Records from a data collection
[Start of section]
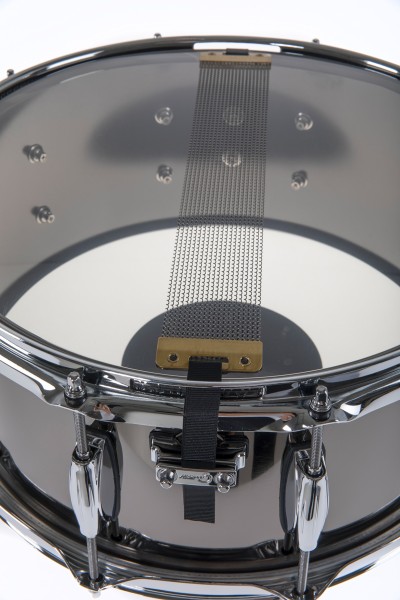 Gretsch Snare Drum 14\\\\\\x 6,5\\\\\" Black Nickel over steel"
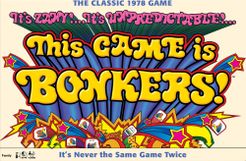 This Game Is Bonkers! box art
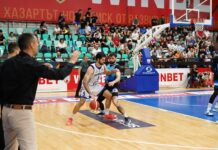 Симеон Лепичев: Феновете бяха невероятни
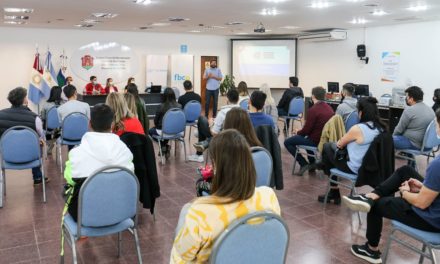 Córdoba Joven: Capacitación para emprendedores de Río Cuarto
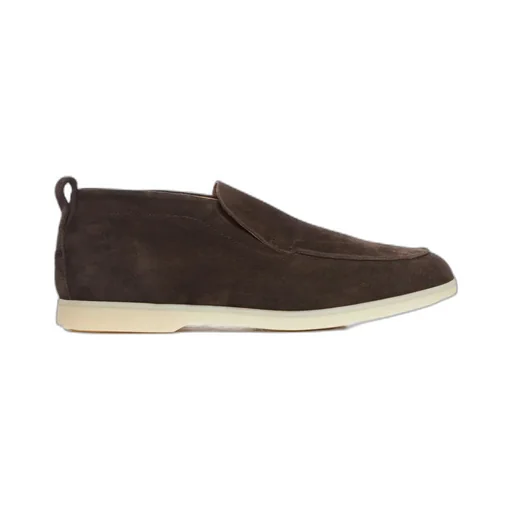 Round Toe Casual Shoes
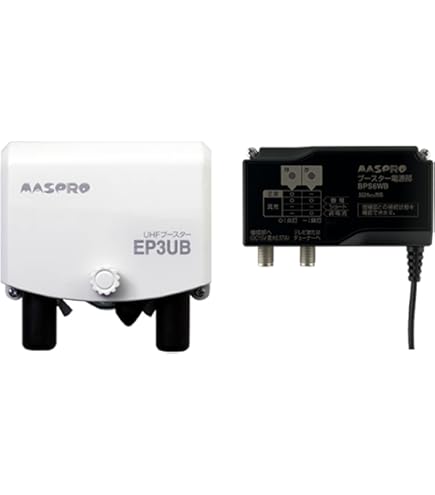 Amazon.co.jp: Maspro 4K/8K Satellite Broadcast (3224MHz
[End of section]
PROBLEM: Extract the entries in full, exactly as they are, minus the pictures.

WRITTEN SOLUTION:
 Gretsch Snare Drum 14\\\\\\x 6,5\\\\\" Black Nickel over steel"
 This Game Is Bonkers! box art
 Симеон Лепичев: Феновете бяха невероятни
 Córdoba Joven: Capacitación para emprendedores de Río Cuarto
 Round Toe Casual Shoes
 Amazon.co.jp: Maspro 4K/8K Satellite Broadcast (3224MHz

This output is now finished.